Enter the concept of designer resilience, defined as “the ability to bounce back from setbacks, handle critique and negotiate uncertainty during the design process.” Price says: “Being able to recover and adapt is pertinent as a quality for designers—especially in a systemic context where non-causal links ensure that change is a difficult target, no matter how urgent.”
Given that setbacks are inevitable in a career of systemic design, Price is active in forging a new generation of designers able to bounce back to reframe and learn from negative system feedback; grow a thicker skin to the inherent uncertainties in our design processes; deliberately build peer networks for collective support to drive necessary systemic changes.
Silvia Calvet of King and Itziar Pobes of IED Barcelona takes another approach to overcome uncertainty when making strategic decisions—better metrics, ones that “measure what really matters.”
“Typically, businesses decide based on metrics and measure what is available” they say. “However, metrics are tricky: They tend to focus on what is easily measured. As a result, decisions are biased towards technology and short-term, small-scope changes and no innovation. Metrics become shields for companies, and people, to prevent real change.”
Designers and researchers do bring qualitative and ethnographic data from customers. Unfortunately, those insights do not always reach the metrics dashboard, and so, a big chunk of customer context and insights are overlooked in the decision-making process.

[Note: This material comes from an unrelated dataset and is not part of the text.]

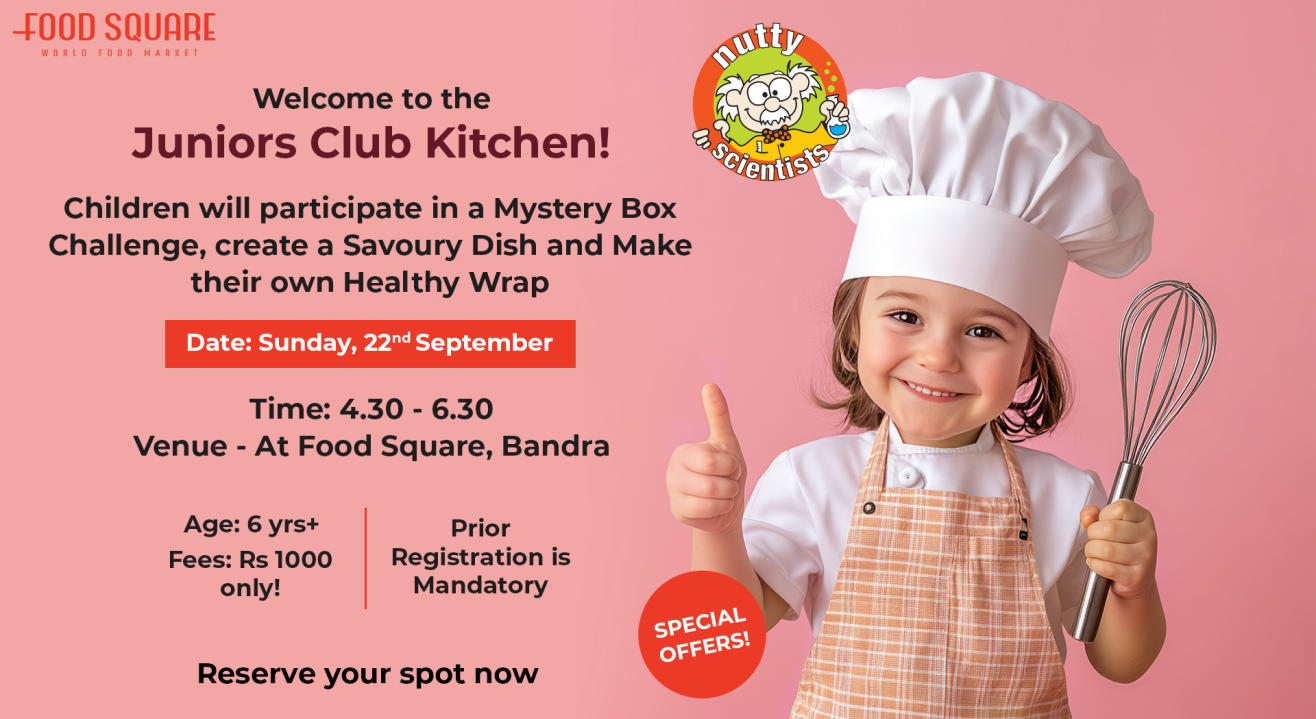 Junior Club Kitchen by Nutty Scientists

The answer, as often in service design, is in the middle: A new form of metrics, that combines the quantitative (what happens) with the qualitative (why it happens), an idea shared by Inga Kiskyte, Chief Service Designer at Volvo Group. This is the only way to really capture attention from upper management.

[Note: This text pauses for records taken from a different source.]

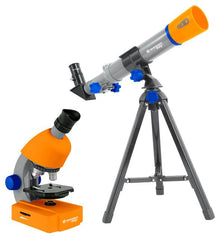 Bresser 
 
 Microscope + Telescope Set Kids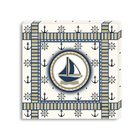 Conjunto Kit Com 3 Quadros Náuticos Decorativos Linha Náutica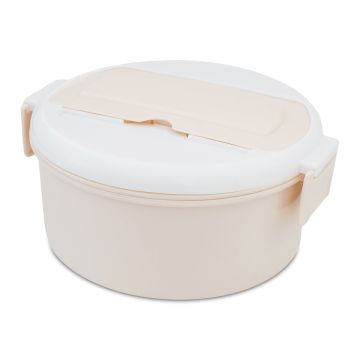 Pojemnik na lunch Tastyway 1000 ml, beżowy – Gift Design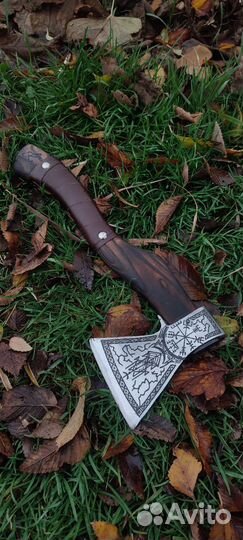 Топор ручной работы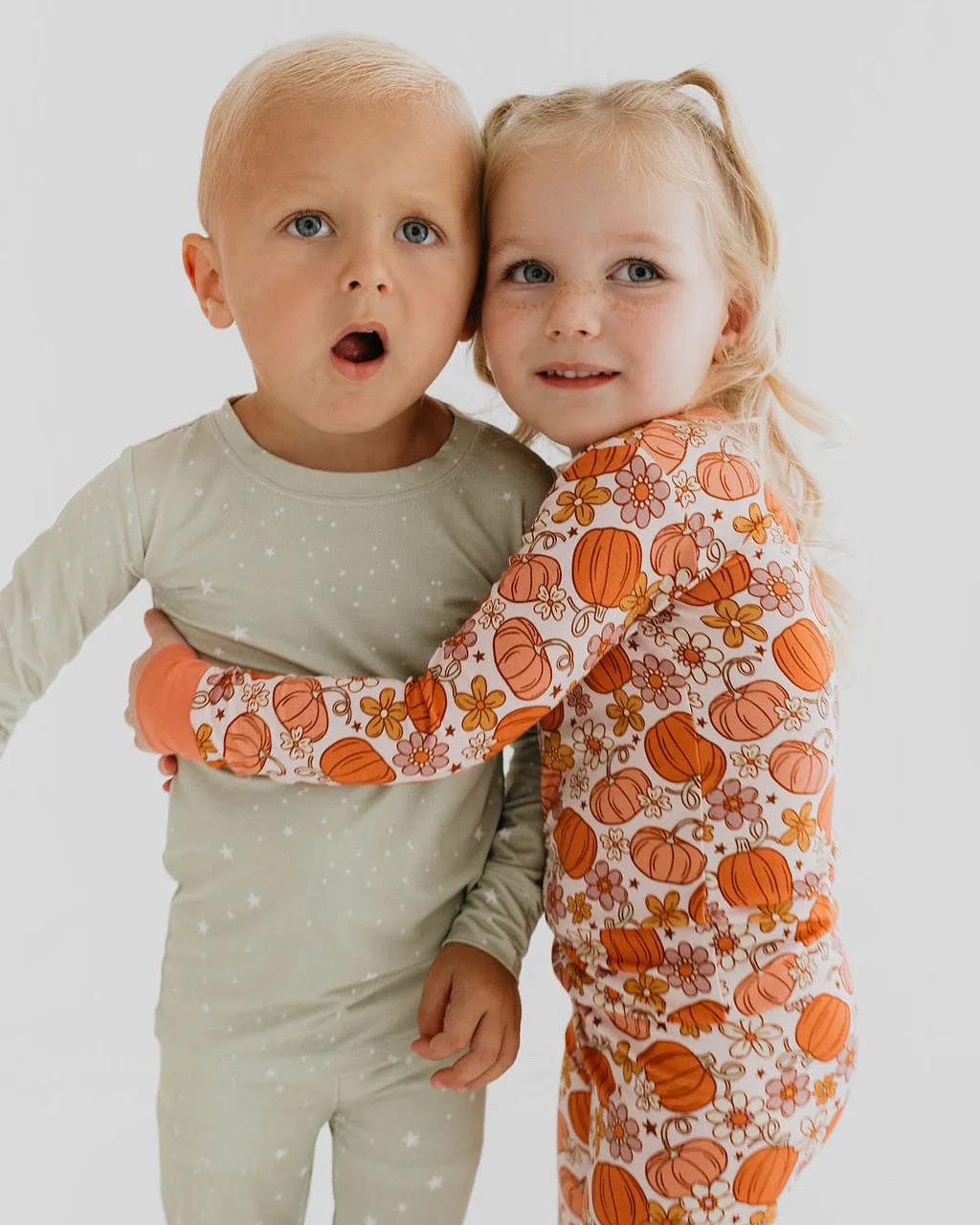 In My Jammers Little Pumpkin L/S 2pc PJ Set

In their masterclass, Calvet and Pobes offered ways to understand different definitions of value—found, for example, not just in short-term behaviors like conversions but in long-term loyalty and impact on people’s lives—and opened up the possibility of different indicators and related collection methods.
Thriving in the Middle
Silvia Lleras is Head of Research at Wallapop, the leading Spanish platform for buying and selling second-hand products, with more than 15 million users.
In eight years, the platform has changed the perception of buying second-hand and has pushed forward a different type of commerce, one that puts local exchange and trust among people in the center. But with customers being conditioned to expect extremely convenient and hyper-personalized services, is there still space for a more conscious kind of consumption?

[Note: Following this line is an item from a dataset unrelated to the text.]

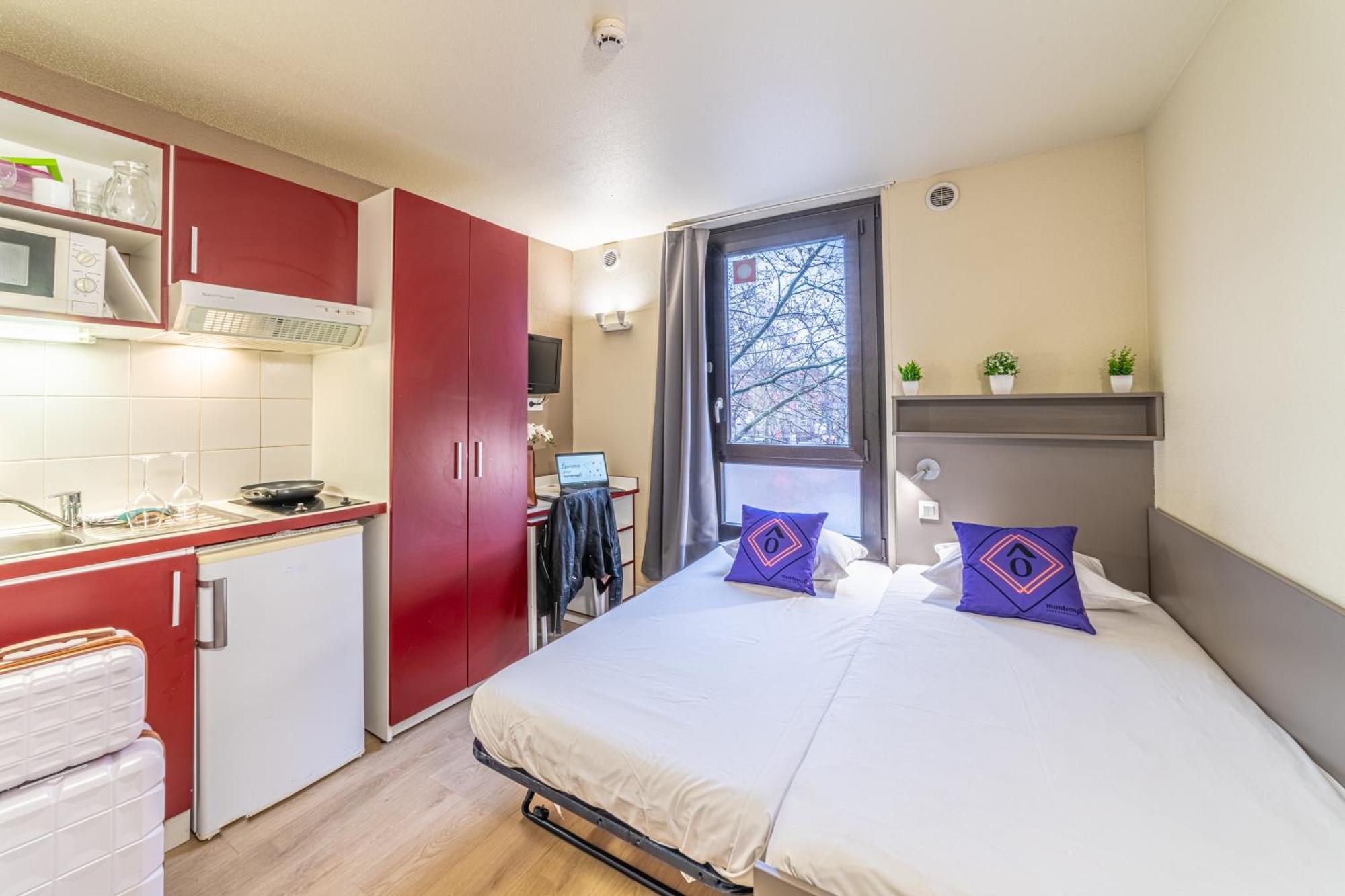 Montempo Apparthotel Straatsburg Buitenkant foto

Lleras shared the three dilemmas that she has detected when defining new services and interactions within a scale-up like Wallapop. They represent challenges for designing new services for alternative consumption, and the answer to these dilemmas is often found right in the middle.
Immediate Convenience vs. Reducing Impact: Wallapop adopted some of the paradigms of hyper-convenience typical of eCommerce and applied them to conscious consumption, launching an in-app shipping service and home pick-up service.
Isolated Lives vs. Local Economies: The service gives customers the freedom to choose the degree of personal connection they’d like to adopt, from pick up and shipping to real-life meet-ups between seller and buyer. It also acts as a way for people to kickstart their own small, local businesses—specialized in selling specific items and with their own communities attached to them.
Hyper-guided Personalization vs. Owning Discovery: While of course adopting the latest in personalized recommendations, Wallapop is careful to avoid falling into loops of sameness, leaving instead some leeway for moments of serendipity and active discovery.
Wallapop is a great example of how service design truly thrives when it finds its place in the middle rather than at the extremes, leading to the kind of positive compromise that customers are looking for.
What this can mean for organizations is clear. Service design is not magic, but it can indeed be instrumental in bringing positive impact for people, the planet, and business. It won’t be easy, or a particularly linear process, but it’s worth the ride.